DATA SCIENCE AND SOCIETY (DATA)
Additional Resources
Courses
This course is a broad, high-level survey of the major aspects of data science including ethics, best practices in communication (e.g. data visualization), mathematical/statistical concepts, and computational thinking. Students will gain an understanding of the fundamentals of data science to support more in-depth, advanced coursework that are requirements for the data science majors.
In an era of rapid advancements in data science and AI, ethical concerns related to data-intensive technologies are now of utmost importance. This course immerses students in data science ethics, facilitating a comprehensive exploration of the intricate interplay between data and societal values. By nurturing critical thinking grounded in ethical theories, this course provides students with a strong foundation in designing and analyzing data-intensive ecosystems that emphasize values such as fairness, accountability, ethics, and transparency.
How do you become data literate? Data literacy is the ability to read, write, and communicate data in context, or in other words: perform data analysis, construct a data visualization, and then communicate that data. It is the story that gets told with the data. Data literacy helps us to understand data, learn about different types and scales of data, and understand why this is important in the world today.
Data structures provide a means to manage large amounts of data for use in our databases and indexing services. A data structure is a specialized format for organizing, processing, retrieving and storing data. There are several basic and advanced types of data structures, all designed to arrange data to suit a specific purpose. Data structures make it easy for users to access and work with the data they need in appropriate ways.
The ability to collect and analyze data has changed virtually every field, yet data scientists often lack the ability to present their findings in effective formats. This class uses storytelling to help you connect with your audience and present your data in compelling and understandable ways so stakeholders can make the right decisions with data. Through hands-on exercises, you'll learn the advantages and disadvantages of oral, visual, and written formats.
The first part of this course introduces various stages of the data life cycle, from defining data requirements to data creation and gathering to data fusion and data preparation to data cleaning and quality control to exploratory analytics, data interpretation, and visualization. We will explore FAIR data principles of curation, metadata, and digital preservation policies. The second part will introduce the concept of relational databases that provide storage and management for structured data.
This course will explore intermediate-level design and implementation of database systems, emphasizing scalable, distributed systems.
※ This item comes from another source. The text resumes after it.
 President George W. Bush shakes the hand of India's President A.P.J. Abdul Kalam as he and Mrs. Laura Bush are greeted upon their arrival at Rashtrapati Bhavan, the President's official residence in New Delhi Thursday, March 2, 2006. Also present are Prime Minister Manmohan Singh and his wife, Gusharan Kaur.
It will deepen students' knowledge of advanced relational database management and discuss current and emerging practices for dealing with big data and large-scale database systems. Concepts include design and implementation of relational databases, exploration of distributed data structures including graph, document, and key-value storage models and scalable and resilient query processing.
This course will provide students with advanced concepts on the construction and use of data structures and their associated algorithms. Concepts covered in this course will include: abstract data types, lists, stacks, queues, trees, and graphs; sorting, searching, hashing, and an introduction to numerical error control; techniques of algorithm analysis and problem-solving paradigms using relevant programming languages and tools.
The course will be coding-oriented and cover concepts such as foundations in probability, including basic rules, Bayes' theorem, and basic distributions; sampling and the central limit theorem; bootstrapping, confidence intervals, hypothesis testing, and multiple testing; linear models, basic and multiple regression, inference for regression, regularization; classification, logistic regression, and tree-based methods; and prediction, model interpretation, and model evaluation.
We will explore the foundational concepts of ethics in data science and AI. This overview will set the stage for a deep understanding of what ethical frameworks mean in practice, providing students the opportunity to create actionable examples. By focusing on a wide variety of case studies throughout a myriad of industries and settings, this class will develop leaders who can effectively integrate and leverage data science solutions while ensuring responsible use of data.
This course will present the mathematical intuition, theory, and techniques driving the numerical computation methods used for processing and analyzing data in various real-life problems. Topics include dimensionality reduction; linear and non-linear approximation; frequency and wavelet analysis; and a glimpse into the mathematics of deep neural networks, classification, large-scale and high-performance numerical computing, and visualization.
This course will provide students with a foundational understanding of visual perceptional and data visualization design practices, provide instruction on using visualization for tasks such as exploratory analysis and storytelling to support both data-driven discovery and communication. The class will focus hands-on experiences with commonly used data science tools and technologies.
This course will be an introductory course to machine learning (ML). The course will cover core principles of artificial intelligence for statistical inference and pattern analysis. Topics will include probability distributions; graphical models; optimization, maximum likelihood estimation, and regression; classification; cross validation; generalization and overfitting; neural networks; nonparametric estimators; clustering; autoencoders; generative models; and kernel methods. Applications in tabular, image, and textual data for supervised and unsupervised learning tasks also will be covered.
The course goal is to expose graduate students in any UNC department to a broad range of topics in the theory and applications of data science. Students will learn about current and emerging methods and techniques in data science to advance individual research efforts and facilitate inter-disciplinary collaboration. Open to graduate students only and by permission only.